This is where I came from, where people know me when I smile. Now it’s so easy to get here. But it has been a long journey.
In the old days it took an entire day to get there.
That was when we lived outside the city, and in the morning we had to take a bus to the train station and then change trains in Rome. The train ran into the Campagna Romana, and even when there was a seat, I would stand with my nose on the window, each year reaching up a little more, looking at the ancient aqueducts running by, and the sweet rolling hills gradually changing to a sharper landscape, steep hills each with a town perched on top, the clay tiled roofs chasing each other up to meet a tall campanile, the bell tower of a church, or the forbidding bastion of a castle. Each year, armed with the new knowledge of year of schoolwork, I would know a little more. The towns were Etruscan strongholds, and in the beginning of their history they would fight each other from their hilltop fortresses. To me, speeding by under them, my cheek in my hand, all these ancient bickering seemed silly and unreal. But here I was, in the train running deeper into this land where each hilltop used to be somebody’s enemy, and friends were only the ones within the walls, tall, forbidding walls whose gates closed at night.
Finally I saw it, the great tufa rock, the impregnable bastion standing alone in the river flatland, surrounded by the hills already turning golden. Here she was, with its medieval cathedral and the towers reaching up to the brilliant blue sky, Orvieto, the intimate town with its narrow streets flanked by brown stone buildings, each doorway disclosing hidden gardens or small shops full of treasures.
We would get off the train at the station below the tufa rock, and pile up our bags in the cable car that took us up to the town. In the middle of the ascent the rail split in two ways to make room for the descending car. Each year I felt the same jolt of wonder, seeing this car emerging from the green tunnel of wild vines, that combination of jasmines, bamboo canes and blackberry brambles that would welcome me into my summers. At the last moment the car would swivel to the right, and each year somebody would smile at me from the passing car, the kind smile one gives a child, and later the smile young men keep inside their eyes, smiles I had learned already to ignore.
Then I was in the tunnel myself, a dark tunnel speckled with flowers, and finally we were inside the city walls where another bus awaited us. This last part of the trip, down the winding road to the bottom of the rock and then up and up to the distant hills, became with the years a pilgrimage of joy. We went down the road hugging the rock in a slow descent, crossed vineyards speckled with hamlets, just a few stone houses with red clay roofs and grape pergolas shading the doorways. Then we started climbing, the road winding up around more vineyards and clusters of woods filled with chestnut and hazelnut groves, crossing little bridges over deep ravines, a torrent sparkling between the stones down below.

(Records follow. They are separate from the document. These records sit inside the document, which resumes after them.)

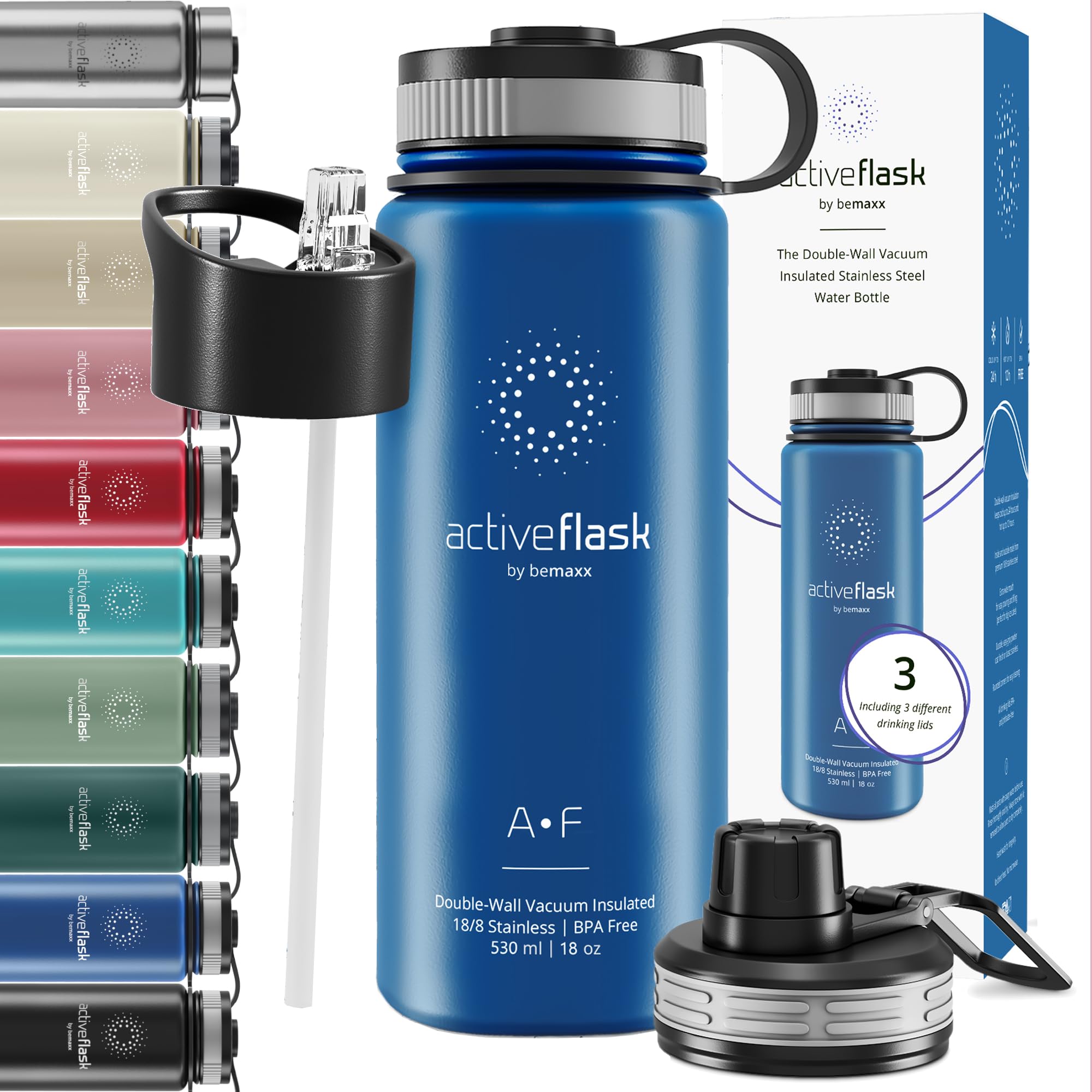 Trinkflasche Edelstahl Active Flask + Strohhalm (3 Deckel) BPA-frei, Auslaufsicher, Kohlensäure geeignet - Wasserflasche Fahrrad Thermosflasche Isoliert Isolierflasche Sport Wasser Flasche Kinder Tee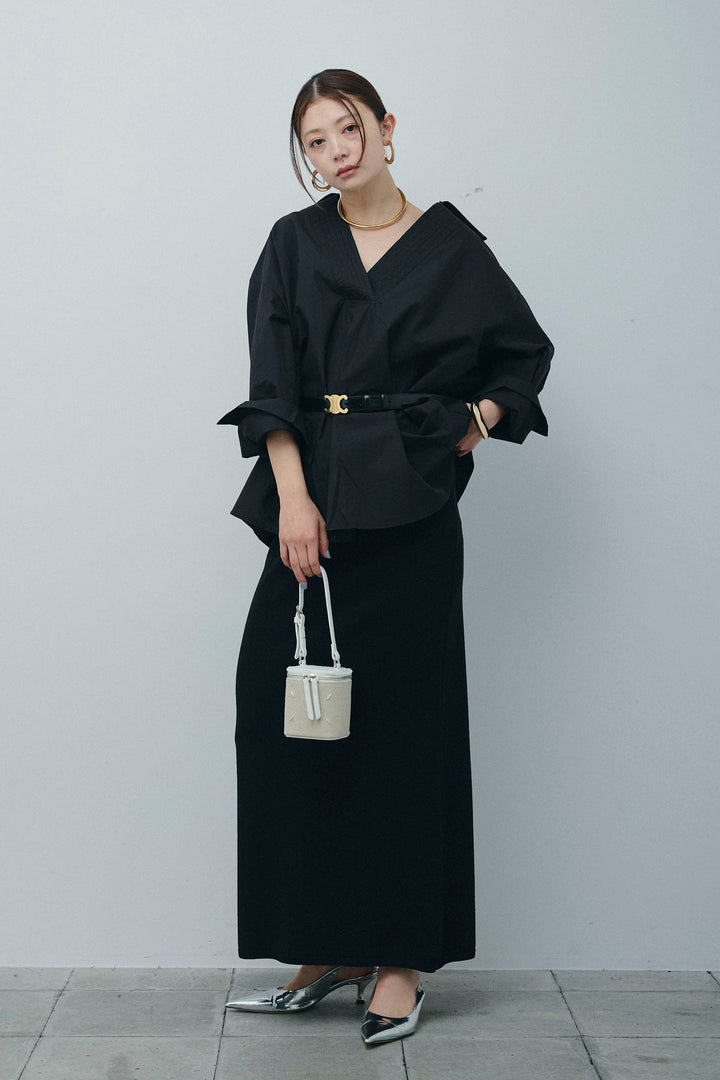 [予約/SET]スキッパービッグシャツ+ラメタイトスカート(2set)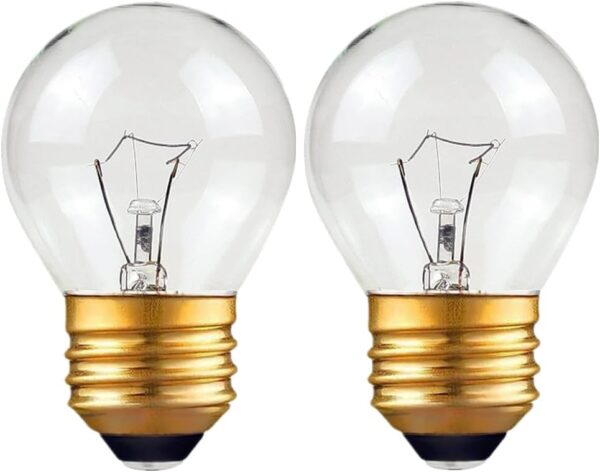Oven Light Bulb 40 Watt Appliance Bulb, G45 Clear - High Temp 120V 415 Lumens E26 Standard Base, Light Bulbs Replacement for Oven, Refrigerator, Microwave, E26 Medium Base, 110 to 130 Volt (2pack)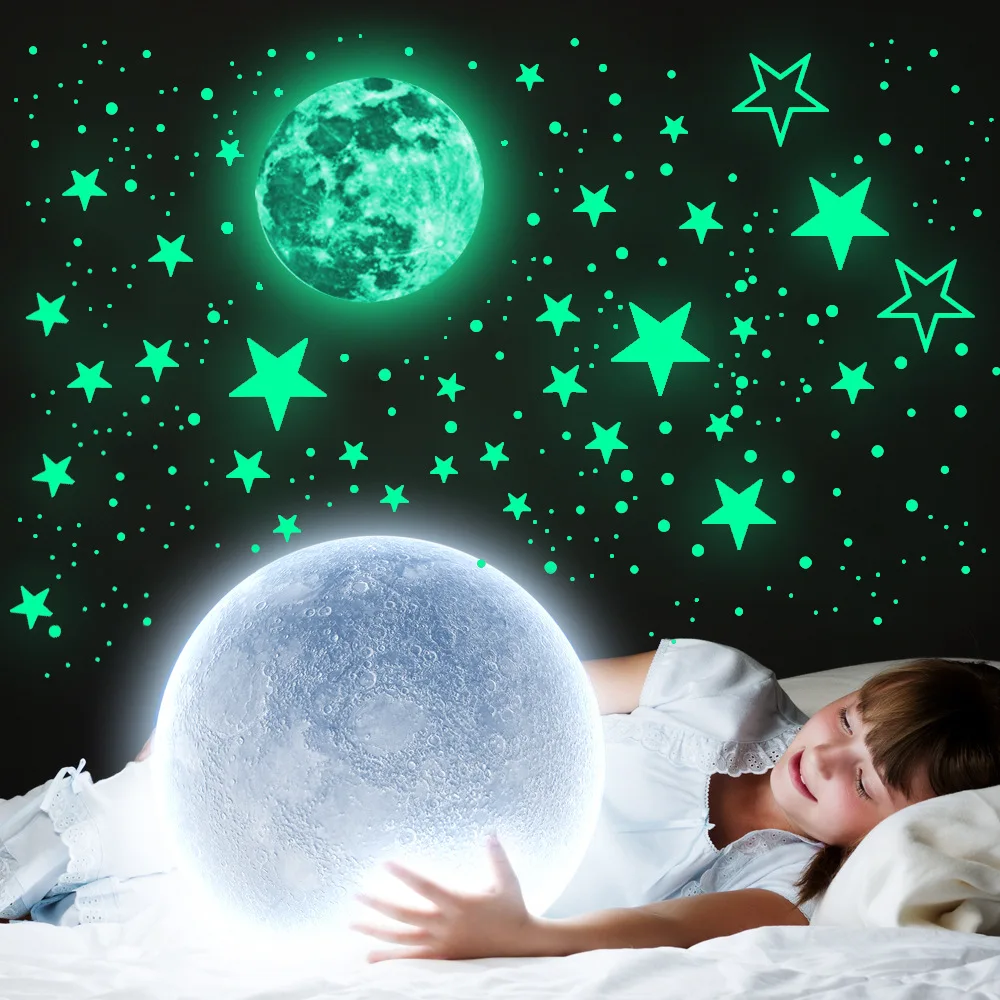 435Pcs Wall Stickers Luminous Stars Moon Planet Decal Glow In Dark Kids Room Nursery Decoration Glowing Stars Ceiling Stickers
435Pcs Wall Stickers Luminous Stars Moon Planet Decal Glow In Dark Kids Room Nursery Decoration Glowing Stars Ceiling Stickers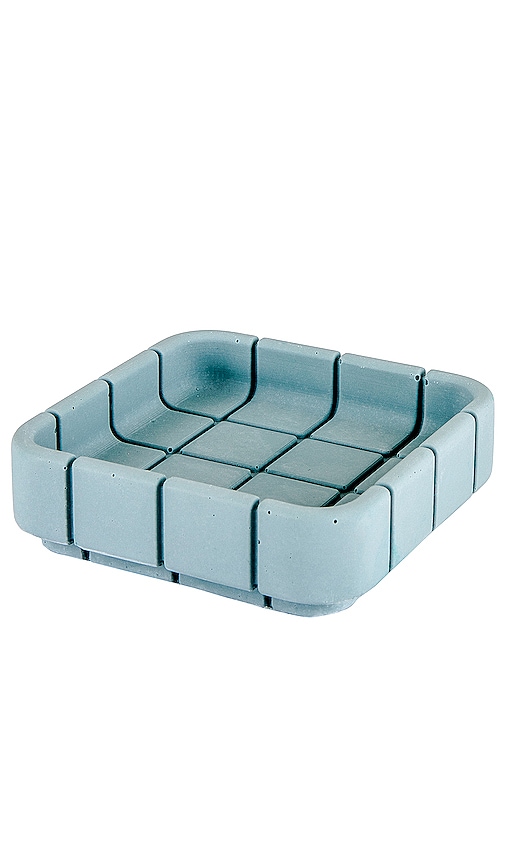 Block Design Tile Square Dish in Blue.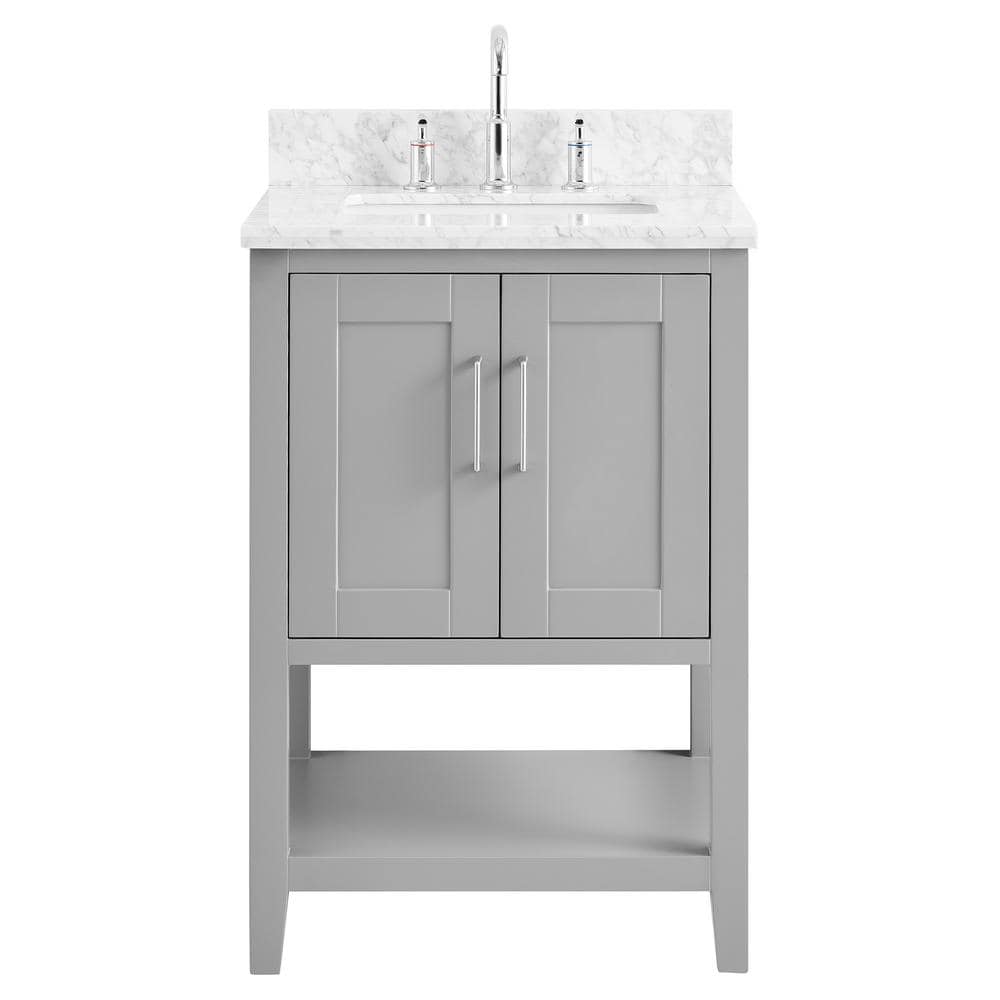 Waldorf 24 in. W x 21 in. D x 34 in. H Free Standing Bath Vanity in Gray wi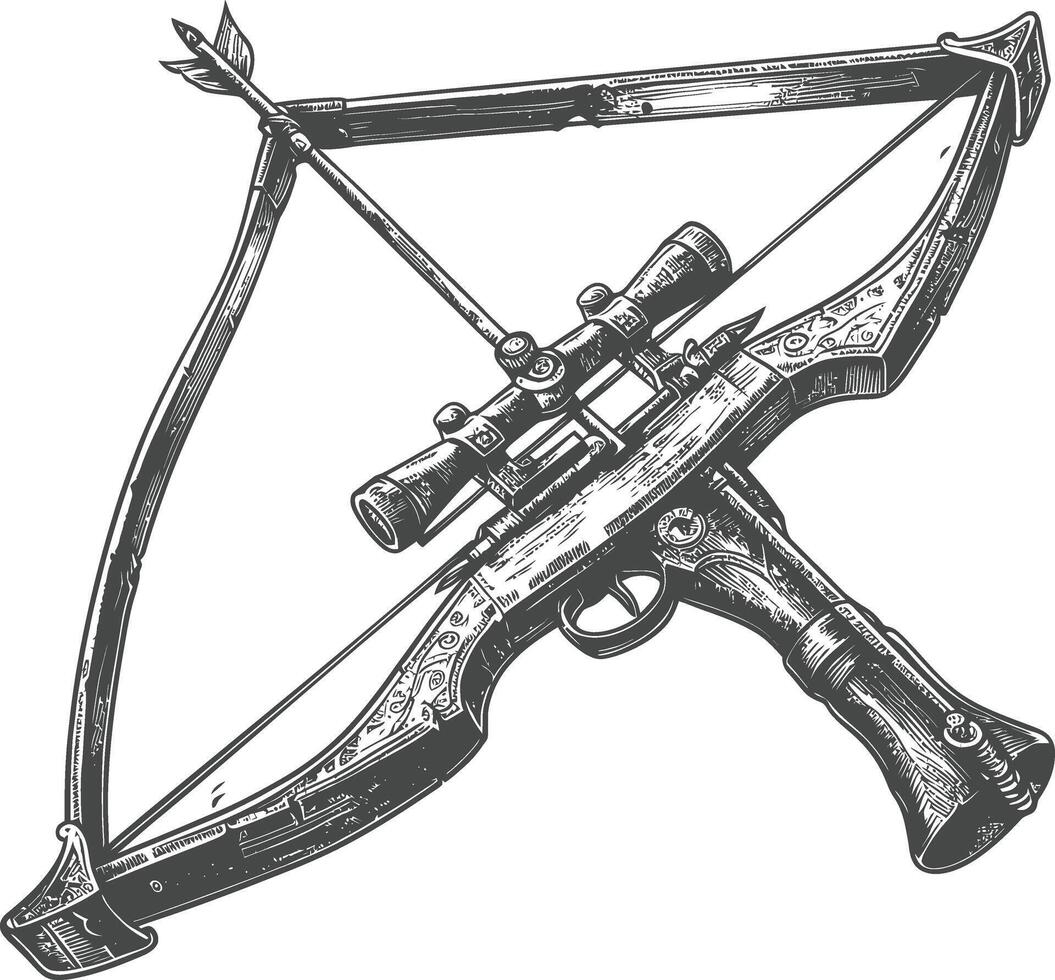 crossbow with engraving style black color only vector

And then I saw it, the castle with its one turret perched on the edge of the deepest ravine, the old reddish brown tiled roofs cascading down, and the gate, now always open, and I was home for the summer, where everybody knew who I was, where every color and every smell would enter my blood to remind me always of who I am.
The road to our house went sharply down, opening up the view of the town perched on the next hill. In between there were fields and farmhouses rolling along in an endless chase. Halfway down the narrow road flanked with tufa walls there was a little stairway of smooth uneven stones taken from the riverbed. It was a small stairway, easy to miss; it went up to a small courtyard where a large wooden gate stood closed, barely revealing the never-ending garden inside. Each year my mother took out the old key to my father’s family house, and we stepped in. The gate closed behind us, and I was in the shade of the ancient pergola leading up around the stone house build over the old caves in the tufa rock. Up the steps dug in the rock I went, to the open loggia, shaded by the tangles of grapes, jasmine and roses that climbed up to the stonewalls. Later in the summer, during our walks to the distant farmyards, we could always spot the splash of red and white among the brown walls. That was our house, waiting for us.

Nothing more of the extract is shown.